» Exercise requirements
Word for word, transcribe the data below from the line with "A glass dessert" to the line with "열고 있다. ⓒ 연합뉴스", keeping both of those lines.
--- Dataset entries Enclosed Below ---
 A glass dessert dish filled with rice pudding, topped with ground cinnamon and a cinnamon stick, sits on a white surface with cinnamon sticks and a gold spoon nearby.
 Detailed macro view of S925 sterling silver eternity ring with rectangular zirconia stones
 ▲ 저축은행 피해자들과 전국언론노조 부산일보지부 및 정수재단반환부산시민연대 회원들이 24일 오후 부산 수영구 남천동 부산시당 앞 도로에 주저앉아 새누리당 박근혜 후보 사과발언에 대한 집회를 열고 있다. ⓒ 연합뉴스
--- End of Enclosed Dataset entries ---
--- Dataset entries Enclosed Below ---
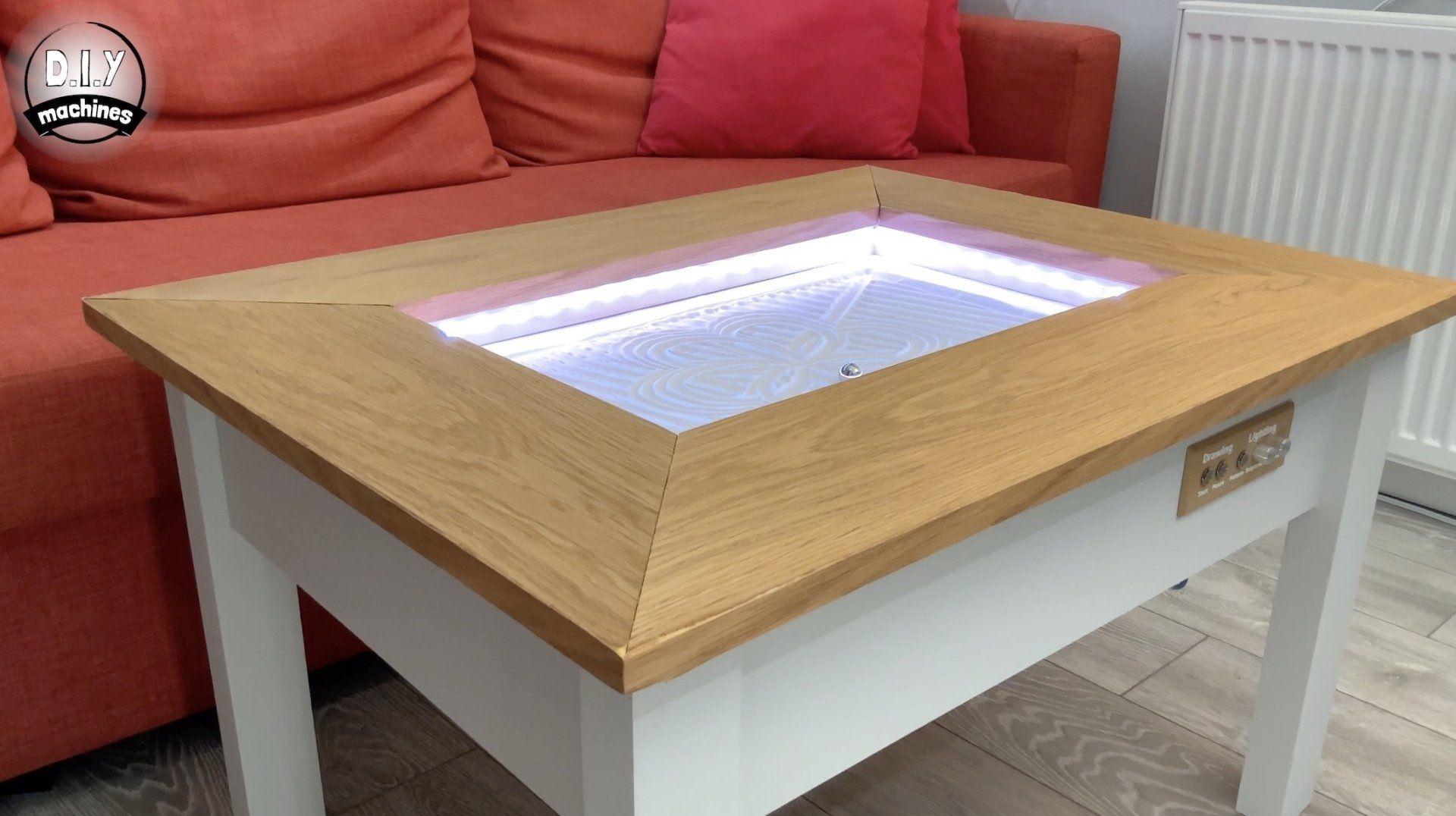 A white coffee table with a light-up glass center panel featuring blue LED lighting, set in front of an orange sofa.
--- End of Enclosed Dataset entries ---
» Output
 A glass dessert dish filled with rice pudding, topped with ground cinnamon and a cinnamon stick, sits on a white surface with cinnamon sticks and a gold spoon nearby.
 Detailed macro view of S925 sterling silver eternity ring with rectangular zirconia stones
 ▲ 저축은행 피해자들과 전국언론노조 부산일보지부 및 정수재단반환부산시민연대 회원들이 24일 오후 부산 수영구 남천동 부산시당 앞 도로에 주저앉아 새누리당 박근혜 후보 사과발언에 대한 집회를 열고 있다. ⓒ 연합뉴스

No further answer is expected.